■ YOUR INSTRUCTIONS
Pictures do not belong in the copy; restate the records below word for word.

◇ ◇ ◇ ◇

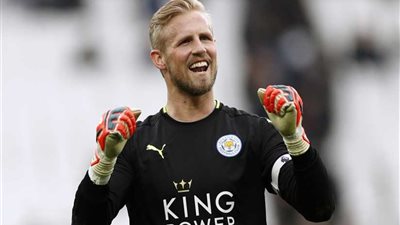 كاسبر شمايكل يحطم أسطورة والده مع الدنمارك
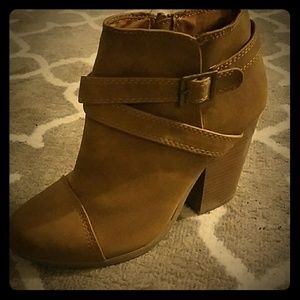 Adorable booties, EUC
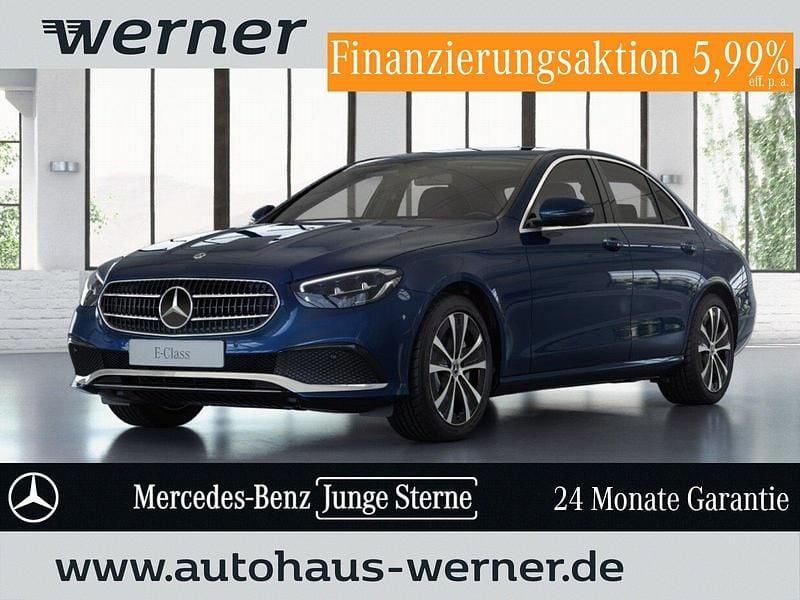 Gebraucht Mercedes E300 Avantgarde 320 PS (235 kW) 2022 Blau Limousine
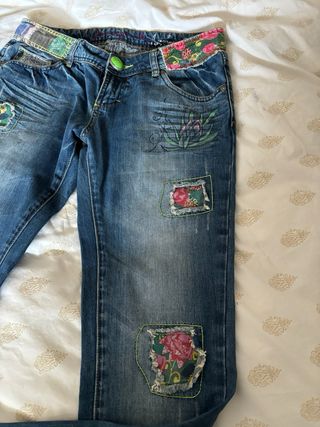 Pantalón tejano Desigual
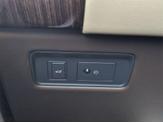 Thumbnail of 2018 White Land Rover Range Rover Sport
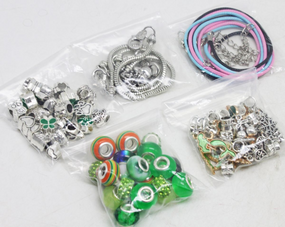 Набор для создания браслетов и подвесок B4343(Green) с шармами
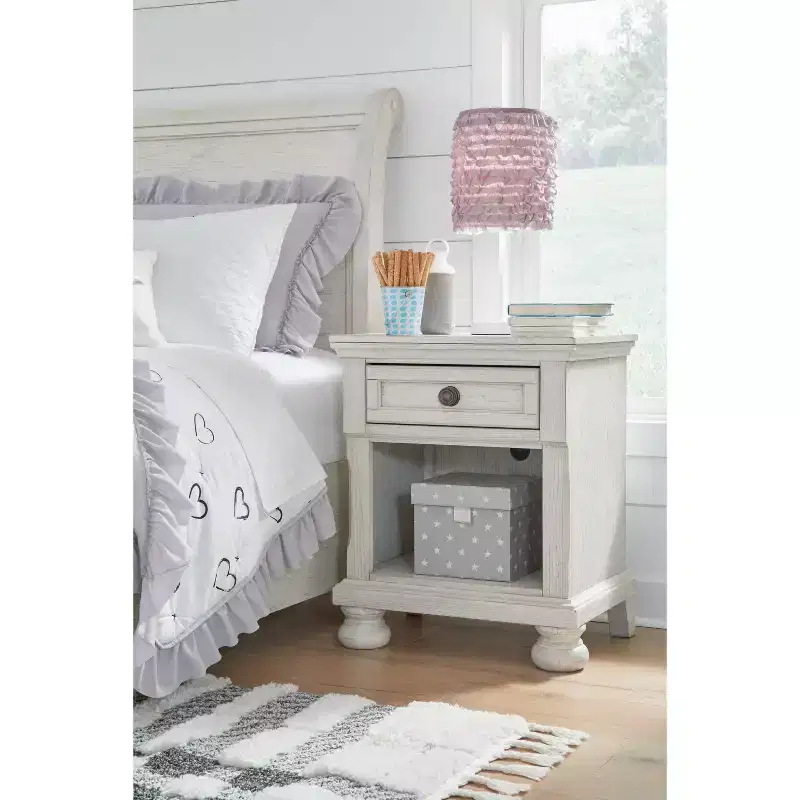Signature Design by Ashley Robbinsdale 1 Drawer Nightstand White: Vintage Style Bedroom Side Table with Storage & Cable Management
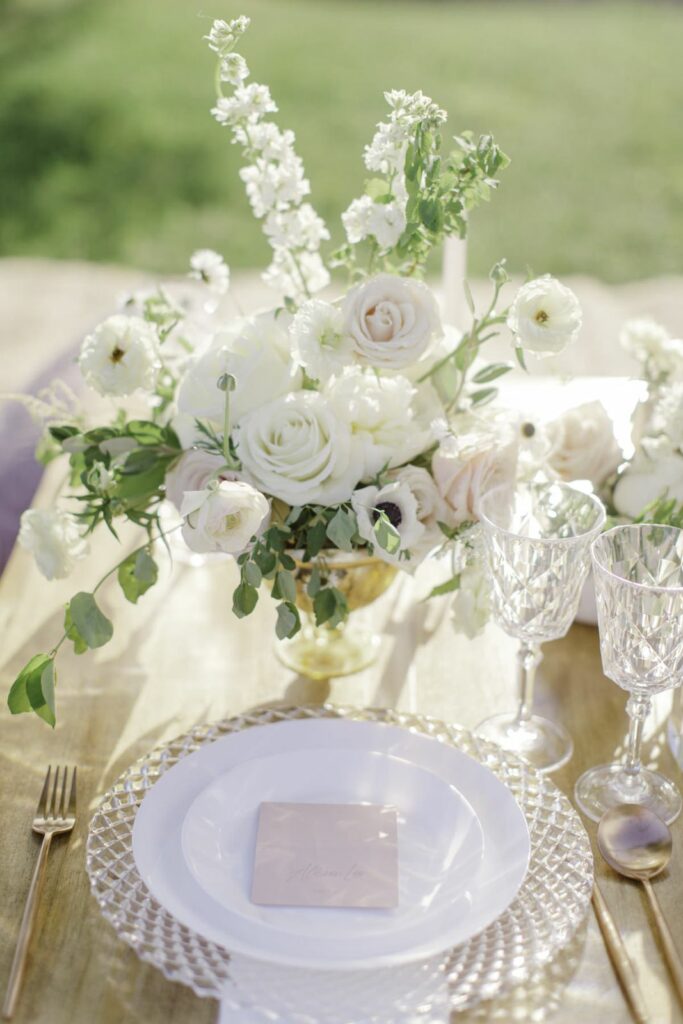 Fleuriste À la vie au vert – centre de table blanc blush anemones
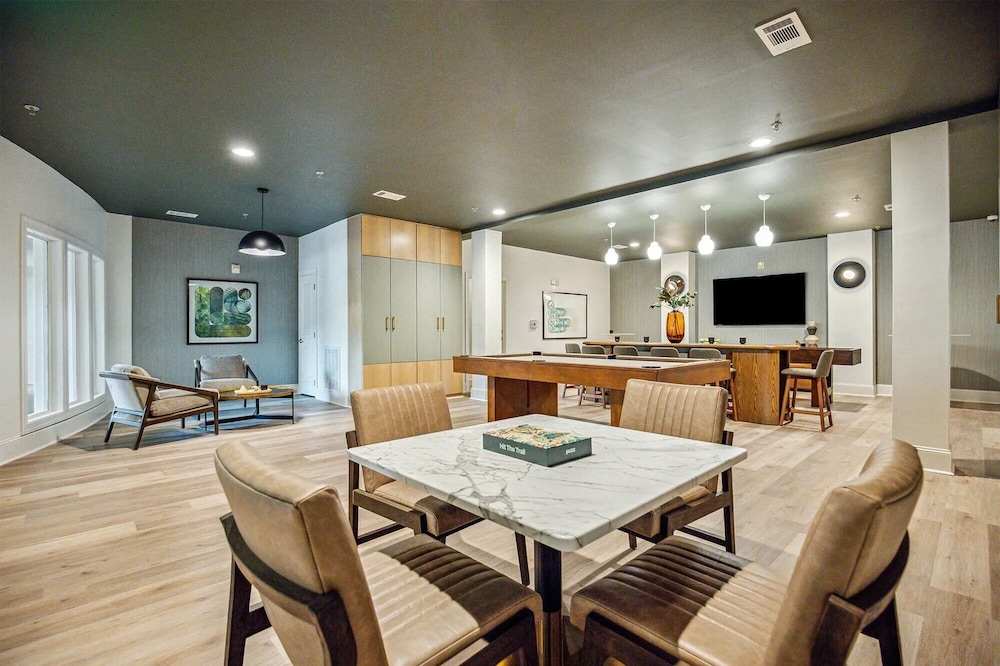 Landing Weston Lakeside Apartments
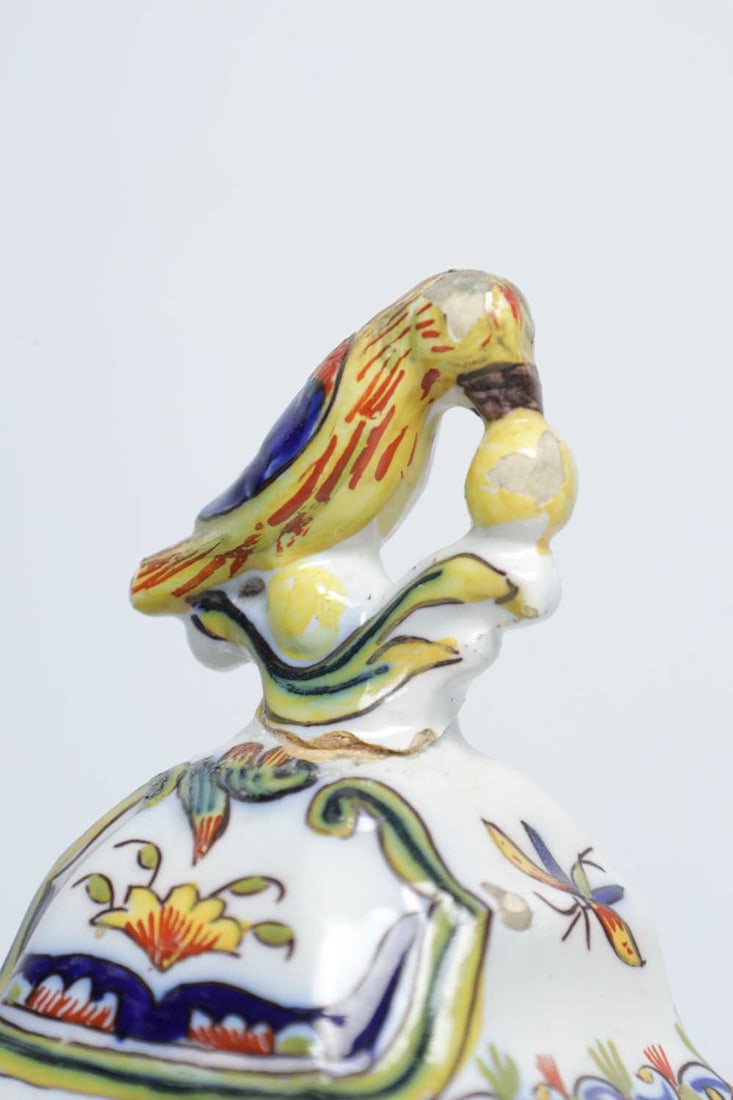 A 19TH CENTURY DUTCH DELFT TIN-GLAZED EARTHENWARE VASE AND COVER WITH BIRD FINIAL - 3
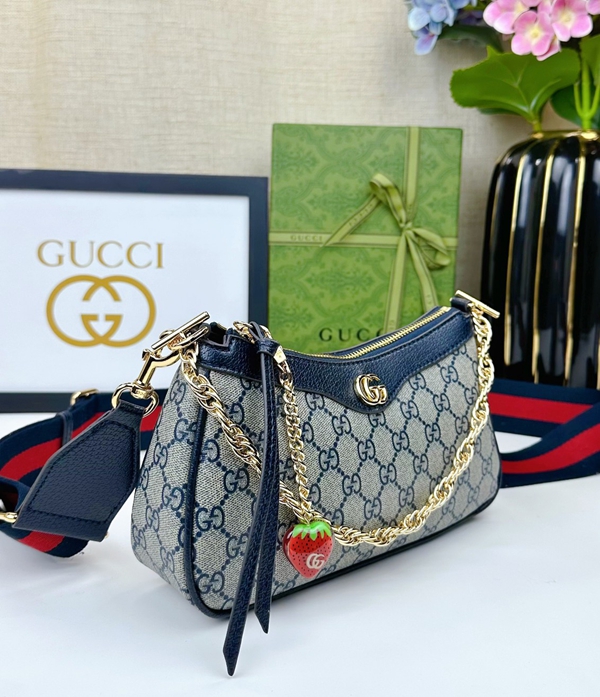 激安グッチバッグコピー背面デザイン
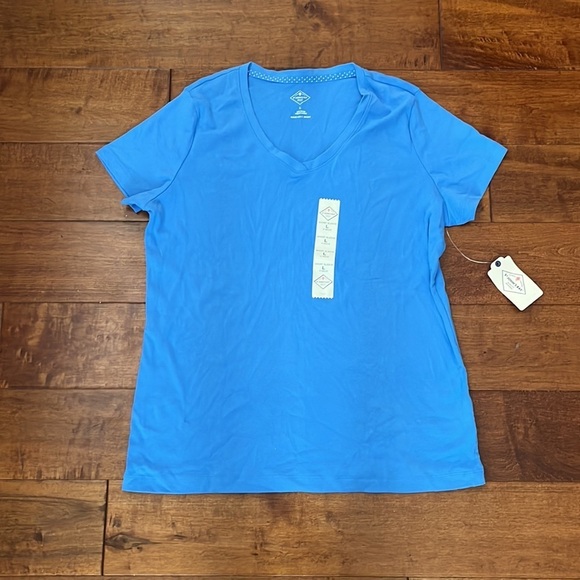 St. John's Bay Womens V Neck
Short Sleeve Tee Shirt Size L - Picture 3 of 8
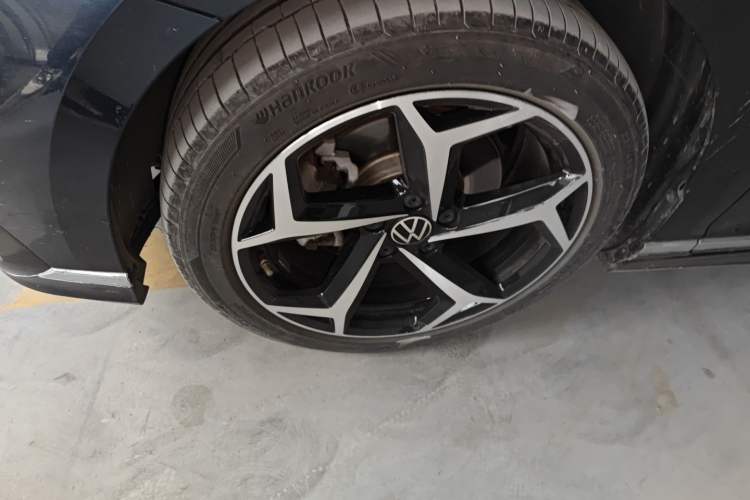 Used Volkswagen Magotan 2023 2 Million Units Commemorative Edition 330TSI DSG Luxury Version Exterior 4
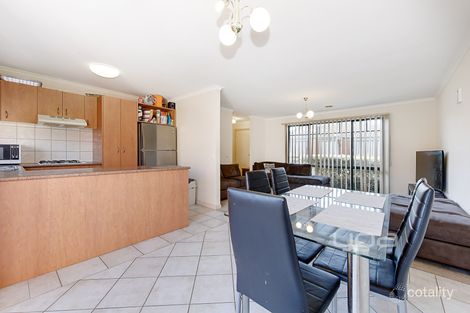 Property photo of 12/22 Ventosa Way Werribee VIC 3030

◇ ◇ ◇ ◇

■ RESULT OF THE TASK
 كاسبر شمايكل يحطم أسطورة والده مع الدنمارك
 Adorable booties, EUC
 Gebraucht Mercedes E300 Avantgarde 320 PS (235 kW) 2022 Blau Limousine
 Pantalón tejano Desigual
 Thumbnail of 2018 White Land Rover Range Rover Sport
 Набор для создания браслетов и подвесок B4343(Green) с шармами
Signature Design by Ashley Robbinsdale 1 Drawer Nightstand White: Vintage Style Bedroom Side Table with Storage & Cable Management
 Fleuriste À la vie au vert – centre de table blanc blush anemones
 Landing Weston Lakeside Apartments
 A 19TH CENTURY DUTCH DELFT TIN-GLAZED EARTHENWARE VASE AND COVER WITH BIRD FINIAL - 3
 激安グッチバッグコピー背面デザイン
 St. John's Bay Womens V Neck
Short Sleeve Tee Shirt Size L - Picture 3 of 8
 Used Volkswagen Magotan 2023 2 Million Units Commemorative Edition 330TSI DSG Luxury Version Exterior 4
 Property photo of 12/22 Ventosa Way Werribee VIC 3030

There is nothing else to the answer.